Danach wurde es etwas ruhiger um Sie.

Sarholz: Ich hatte ziemlich viel Pech mit Verletzungen. Im Champions-League-Finale 2011 habe ich mir den Mittelfuß gebrochen, kurz vor der darauffolgenden Saison hatte ich dann auch noch einen schweren Fahrradunfall. Dadurch musste ich fast ein Jahr lang auf den Fußball verzichten. Man fragt sich in dieser Zeit oft 'Wieso, weshalb, warum?'. Aber letztendlich habe ich in diesem schwierigen Jahr viel Lebenserfahrung sammeln können.

Seit 2015 spielen Sie in der Wie kam es zu dem Wechsel vom 1. FFC Turbine Potsdam zum SV Babelsberg 03?

Sarholz: Turbine Potsdam hatte mir nach einigem Hin und Her am Ende der Saison 2014/2015 mitgeteilt, dass mein Vertrag nicht verlängert werden würde. Ich hatte zehn tolle Jahre in Potsdam, aber nicht zuletzt der Spagat zwischen Schule und Sport sowie die Verletzungen haben sehr viel Kraft gekostet. Mit Potsdam verbindet mich viel und ich wollte hier bleiben und das Projekt Frauenfußball in Babelsberg hat mich von Anfang an interessiert.

Könnten Sie sich vorstellen eines Tages wieder in der Allianz Frauen-Bundesliga zu spielen?

Sarholz: Da ich hoffentlich noch einige Jahre Fußball vor mir habe, würde ich niemals nie sagen. Aber im Moment habe ich einen laufenden Vertrag in Babelsberg, den ich auf jeden Fall erfüllen werde.

Was machen Sie, wenn Sie nicht gerade auf dem Platz stehen?
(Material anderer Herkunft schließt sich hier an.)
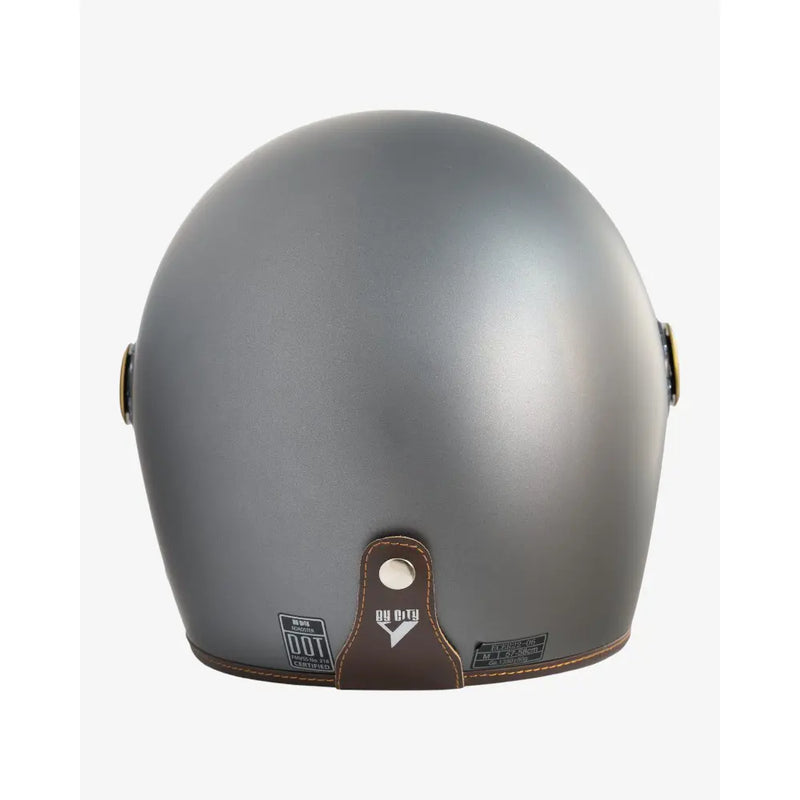 By City Roadster III Integral motorcykelhjelm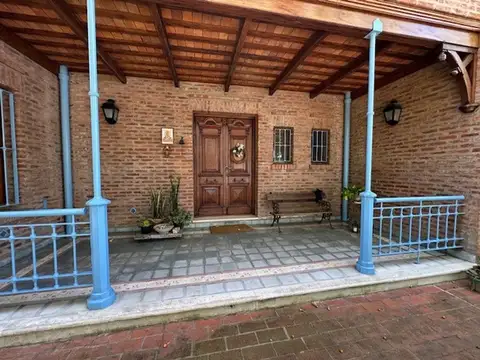 Casa en Venta al Noroeste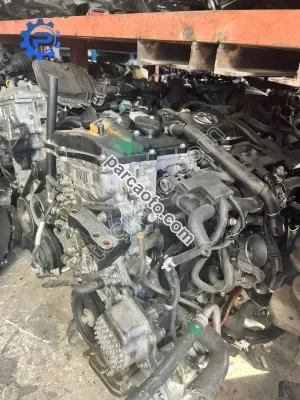 Corolla 1.8 hybrıd eksantrik dişlisi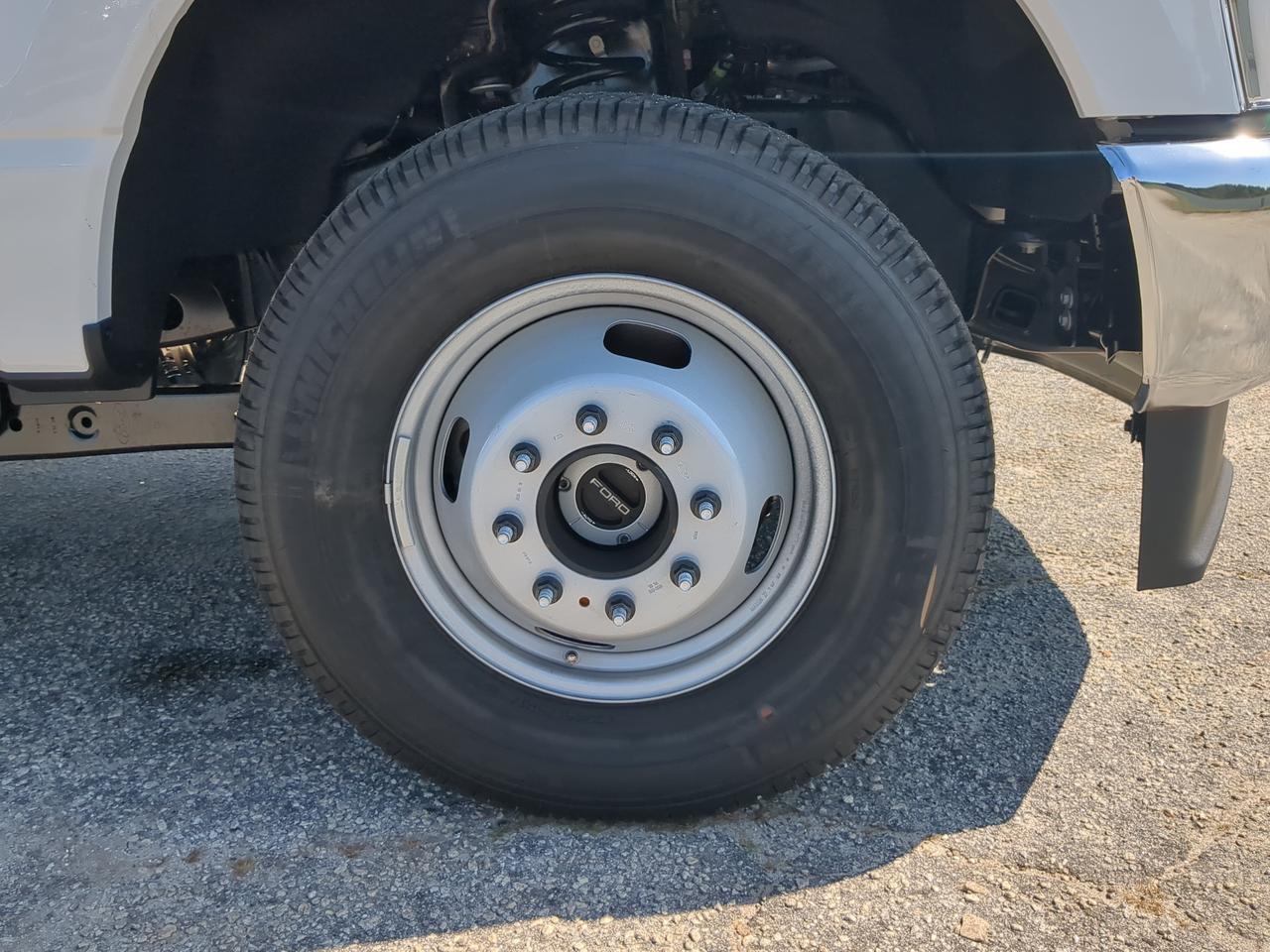 2026 Ford Super Duty F-350 DRW XL Winder GA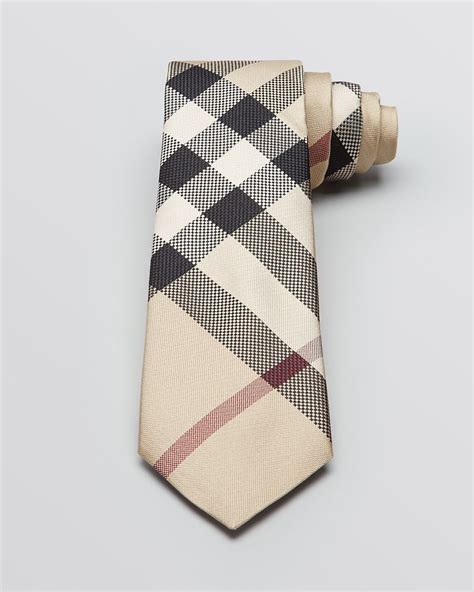 how much is a burberry tie|Designer Ties & Cufflinks .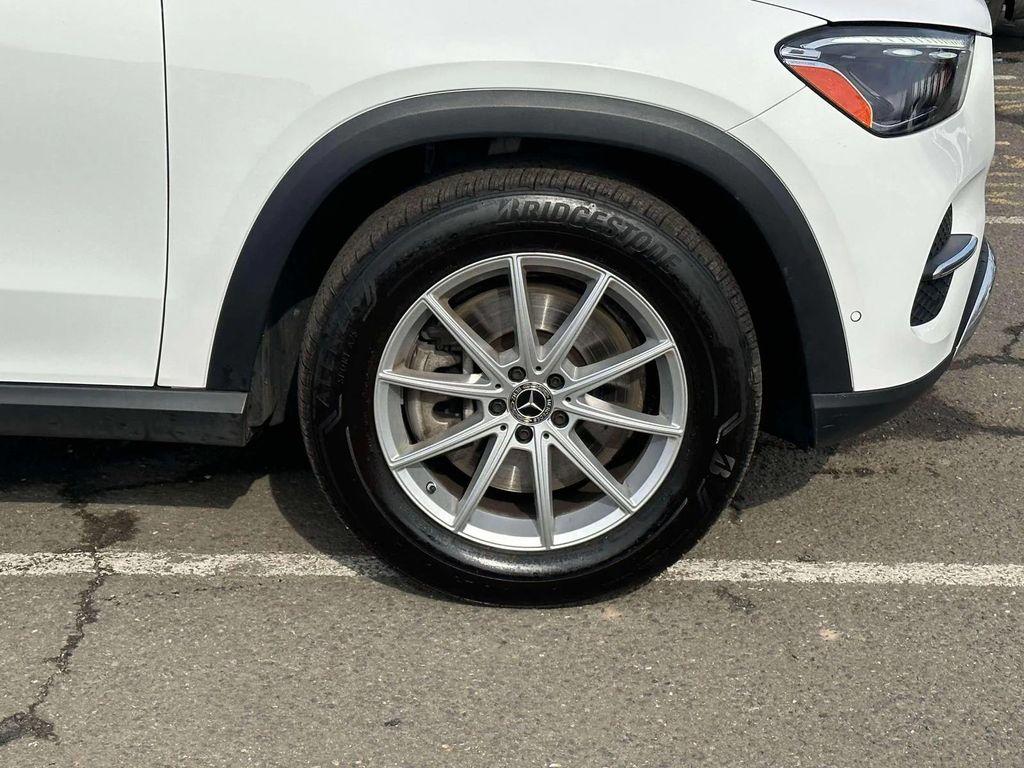 used 2024 Mercedes-Benz GLE 450 Plug-In Hybrid car, priced at $45,998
Sarholz: Dann stehe ich an der Seitenlinie. (lacht) Ich bin unter anderem nach Babelsberg gekommen, um dort die Frauenabteilung mit aufzubauen. Im letzten Jahr habe ich zwei Nachwuchsmannschaften übernommen. Viel Zeit für andere Hobbys bleibt da kaum noch.

Was gefällt Ihnen besonders gut am Trainerjob?

Sarholz: Es macht unglaublich viel Spaß zu sehen, mit wie viel Freude und Begeisterung die Kinder neue Sachen lernen. Zu sehen wie sich der Nachwuchs entwickelt und von Training zu Training steigert, ist echt schön.

Welche Tipps geben Sie den Nachwuchsspielerinnen auf den Weg, die davon träumen eines Tages in der Bundesliga zu spielen?

Sarholz: Zum einen darf man nie vergessen, dass eine Menge Training dahinter steckt und man das Ziel nicht aus den Augen verlieren sollte. Aber in erster Linie sollte man auf sein Herz hören und wirklich nur das tun, was einem Spaß macht. Wenn man sich selber zu sehr unter Druck setzt, verliert man schnell die Lust am Sport.